The goddess Išartu formed a pair with Mīšaru, and together they represented the idea of law and order. Julia Krul notes she seemed to be his feminine counterpart. An = Anum refers to her as his spouse.

==Worship==
The oldest evidence of the worship of Mīšaru comes from the Ur III period. He received offerings in Bad-tibira during the reign of king Shu-Sin. He is also attested in Akkadian theophoric names, such as Puzur-Mīšar.

Old Babylonian sources mention a single temple of Mīšaru, located close to the city of Dūr-Rīmuš in the Diyala area. It is assumed that he was the tutelary deity of this settlement. One of the inhabitants of Dūr-Rīmuš apparently dedicated a seal to him for the health of the Eshnunnean king Ipiq-Adad II after it was incorporated into his kingdom. He is also attested in an offering list from Mari (ARM 24 263), in which he appears alongside the deity Išar, presumed to correspond to Išartu.

In a copy of an Old Assyrian inscription of Erishum I found in Kültepe, Mīšaru (^{d}Me-ša-ru-um) appears as a member of a group of seven divine judges alongside deities such as Ishmekarab. He is also attested in the same role in another, later list of similar deities worshiped in Assyria. In the version of the Tākultu ritual from the reign of Ashurbanipal, he is listed alongside Ea and Kittu. In the Ešara temple complex in Assur he was worshiped alongside Latarak in the lobby of the structure.

In Babylon, Mīšaru was worshiped alongside his father Adad in the Esagil temple complex.
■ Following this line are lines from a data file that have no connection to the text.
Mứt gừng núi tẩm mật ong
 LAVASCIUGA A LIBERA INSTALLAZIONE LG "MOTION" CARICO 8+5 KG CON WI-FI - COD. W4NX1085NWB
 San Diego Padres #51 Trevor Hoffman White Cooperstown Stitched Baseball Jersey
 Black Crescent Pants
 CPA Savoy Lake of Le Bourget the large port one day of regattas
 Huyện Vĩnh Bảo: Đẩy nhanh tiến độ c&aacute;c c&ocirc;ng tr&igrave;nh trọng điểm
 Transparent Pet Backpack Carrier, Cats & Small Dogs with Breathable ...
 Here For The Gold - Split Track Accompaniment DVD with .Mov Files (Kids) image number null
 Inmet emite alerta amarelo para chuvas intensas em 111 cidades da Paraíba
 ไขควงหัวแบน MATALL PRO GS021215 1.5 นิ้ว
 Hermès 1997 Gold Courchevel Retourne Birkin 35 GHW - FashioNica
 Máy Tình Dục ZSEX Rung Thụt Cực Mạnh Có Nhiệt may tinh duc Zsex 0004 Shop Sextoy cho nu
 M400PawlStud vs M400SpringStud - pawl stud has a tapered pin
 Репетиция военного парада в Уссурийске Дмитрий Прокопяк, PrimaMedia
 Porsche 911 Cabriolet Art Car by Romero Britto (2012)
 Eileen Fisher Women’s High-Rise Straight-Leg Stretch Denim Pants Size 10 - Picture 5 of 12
A temple dedicated to him is also mentioned in documents from Dūr-Abī-ešuḫ, though no ceremonial name is given.

Attestations of veneration of Mīšaru are known from Suhum as well. An akitu temple dedicated to him and Adad existed in Udada. It was rebuilt by Ninurta-kudurri-usur, a local ruler from the eighth century BCE.

On one of the cylinders of Nabonidus, in an inscription pertaining to the Ebabbar temple in Sippar, Mīšaru is mentioned alongside Kittu and Dayyānu as the deities "seated in front of Shamash."

While Mīšaru was not yet worshiped in Uruk in the Neo-Babylonian period, he is attested in religious text from this city dated to the reign of the Seleucids. He was worshiped in Eḫenunna, "house of abundance," a temple of Adad. The text TU 39 mentions that on the fifth day of the month Araḫsamna, Mīšaru had to leave the temple to partake in rites taking place elsewhere. It has been pointed out that in addition to him and Shala spouses, children or courtiers of many other deities were also introduced to Uruk at the same time.

==Ugaritic Mêšaru==
A deity whose name is a cognate of Mīšaru's is attested in Ugarit as well. The theonym was rendered as mšr in the local alphabetic script, and can be vocalized as Mêšaru ("rectitude," "uprightness"). It is presumed that he was regarded as a divine judge. He was paired with Ṣidqu ("righteousness"). They appear together in a single religious text (RS 24.271, line 14), which is presently the only certain attestation of Mêšaru. A possible theophoric name, written as mšrn in the alphabetic script and as Me-ša-ra-nu or Me-ši-ra-nu in standard syllabic cuneiform, has also been identified. Elsewhere in the Ugaritic texts the word mšr is attested as a common noun.

===Further possible cognates===
Wilfred G. E. Watson proposes that the Ugaritic Mêšaru and Ṣidqu correspond to Misor and Suduk, who according to Philo of Byblos were Phoenician gods of justice. He also credits them with discovering the use of salt, and presents the god Taautos, derived from Egyptian Thoth, as the son of Misor. It also has been suggested that passages in the Hebrew Bible using the term mîšôr("equity"), such as Psalm 9:9, Psalm 45:7 and Isaiah 45:19 are echoes of the worship of a further deity with a cognate name, who was originally regarded as a subordinate of Yahweh but later came to be demythologized, but this is less certain and no passage directly supports this view.